▶ Work item:
The full listing, returned exactly and free of pictures, is the expected answer.

▶ Provided data:
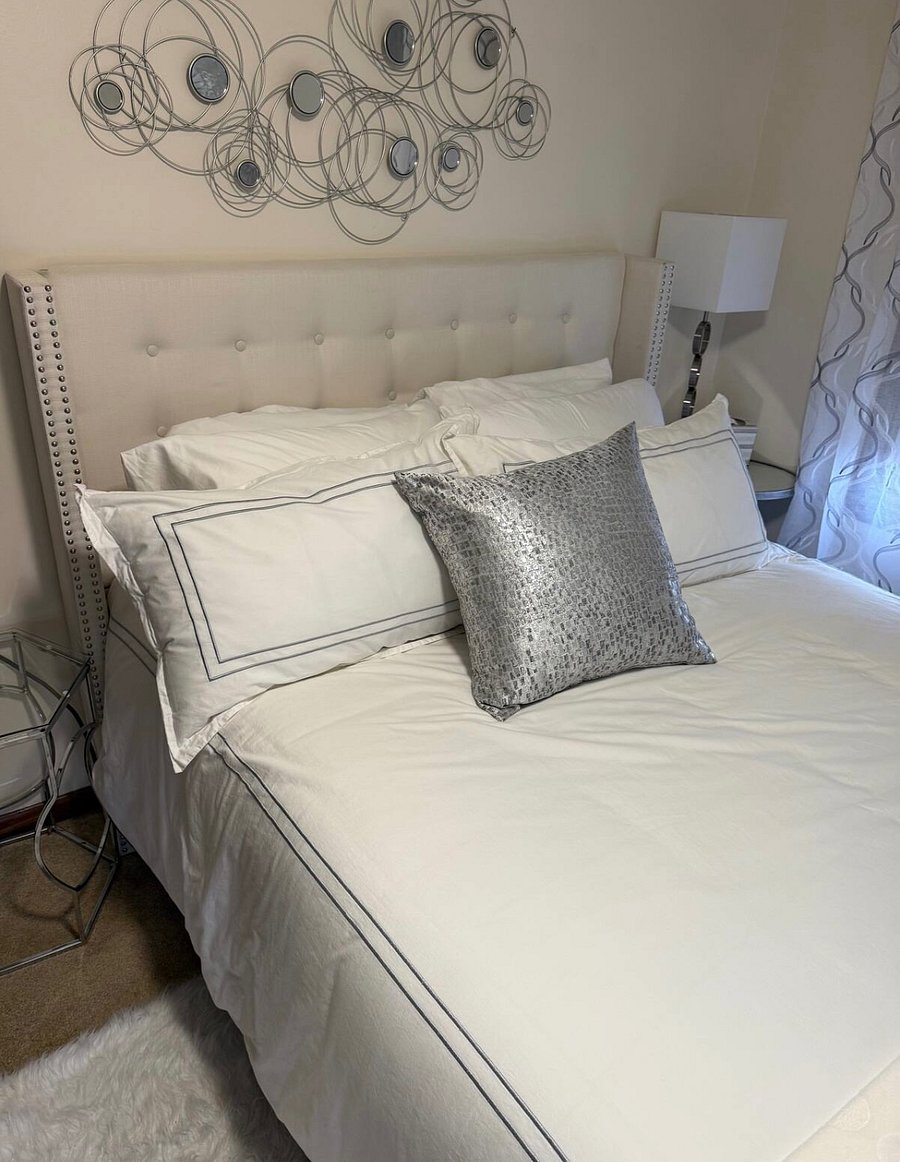Luxury Queen Size Bed with pillow top mattress and 4 luxury pillows.  Each room contains full size mirror, closet with hangers, chair, bench, dresser, lamps, alarm clock with USB, and ceiling fan.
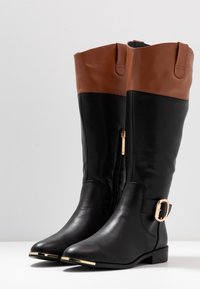 Botas altas de cuero negro con puños marrones, hebilla dorada en el lateral, cremallera dorada y acentos dorados en los dedos.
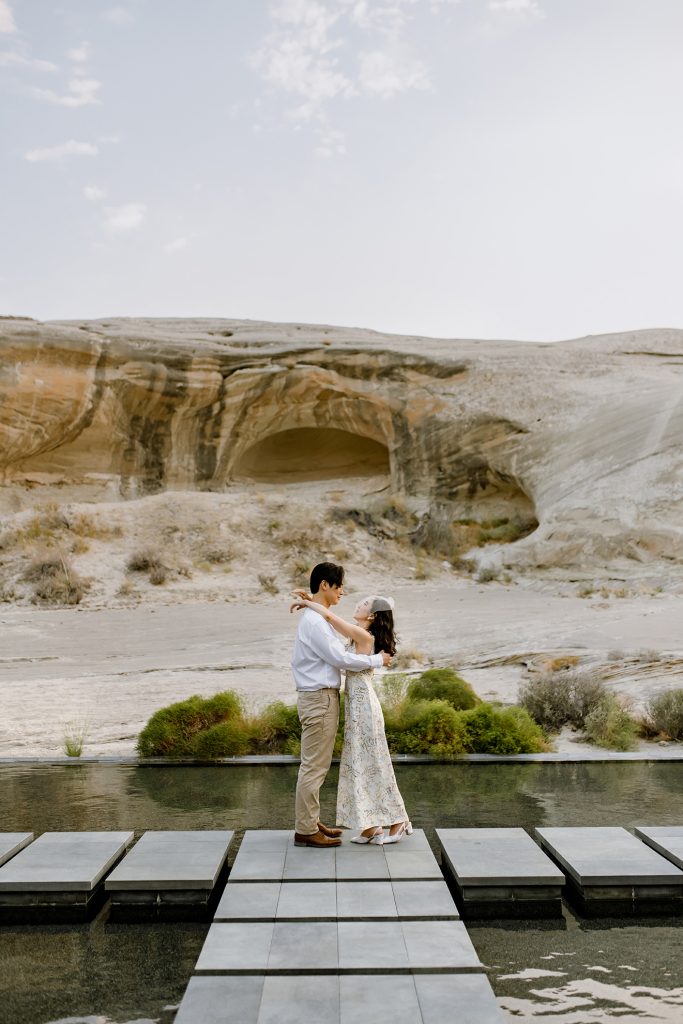 Wife puts her arms around her new husbands neck at Amangiri with the dessert in the background.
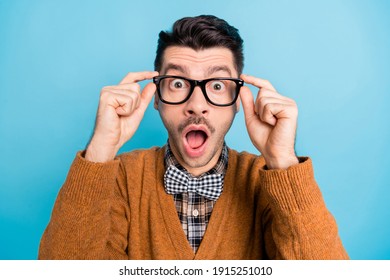 Photo Of Shocked Astonished Young Guy Hold Fingers Glasses Unbelievable Sale Discount Isolated On Blue Color Background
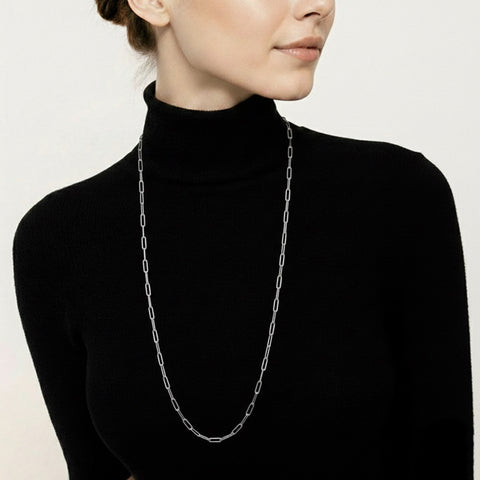 Person wearing a B.Tiff C400W long silver paperclip link chain necklace against a plain background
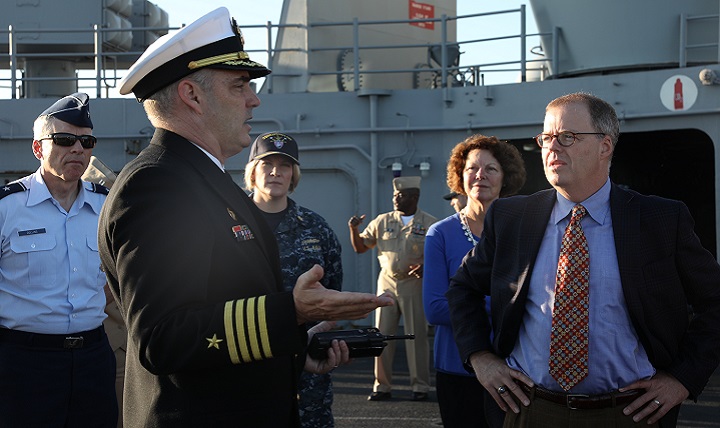 Thomas McCaffery (right), acting Assistant Secretary of Defense for Health Affairs, listens to a brief from Navy Capt. Todd Wagner (foreground, left), commanding officer of the Navy and Marine Corps Public Health Center. (U.S. Navy photo by Petty Officer 3rd Class Paul Wu)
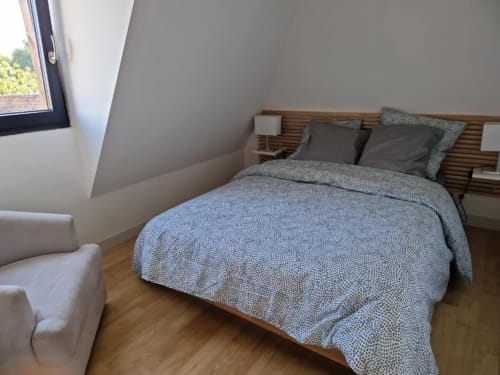 Chambre moderne du gîte Escapade avec parure de lit bleue motifs, tête de lit en bois et plafond mansardé au Domaine de la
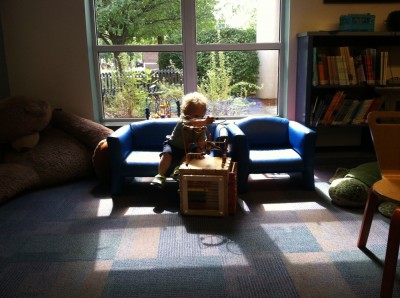 Lijah sitting on the little couch in the kids room, lot from behind by the window, playing with toys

▶ Written answer:
Luxury Queen Size Bed with pillow top mattress and 4 luxury pillows.  Each room contains full size mirror, closet with hangers, chair, bench, dresser, lamps, alarm clock with USB, and ceiling fan.
 Botas altas de cuero negro con puños marrones, hebilla dorada en el lateral, cremallera dorada y acentos dorados en los dedos.
 Wife puts her arms around her new husbands neck at Amangiri with the dessert in the background.
 Photo Of Shocked Astonished Young Guy Hold Fingers Glasses Unbelievable Sale Discount Isolated On Blue Color Background
 Person wearing a B.Tiff C400W long silver paperclip link chain necklace against a plain background
 Thomas McCaffery (right), acting Assistant Secretary of Defense for Health Affairs, listens to a brief from Navy Capt. Todd Wagner (foreground, left), commanding officer of the Navy and Marine Corps Public Health Center. (U.S. Navy photo by Petty Officer 3rd Class Paul Wu)
 Chambre moderne du gîte Escapade avec parure de lit bleue motifs, tête de lit en bois et plafond mansardé au Domaine de la
 Lijah sitting on the little couch in the kids room, lot from behind by the window, playing with toys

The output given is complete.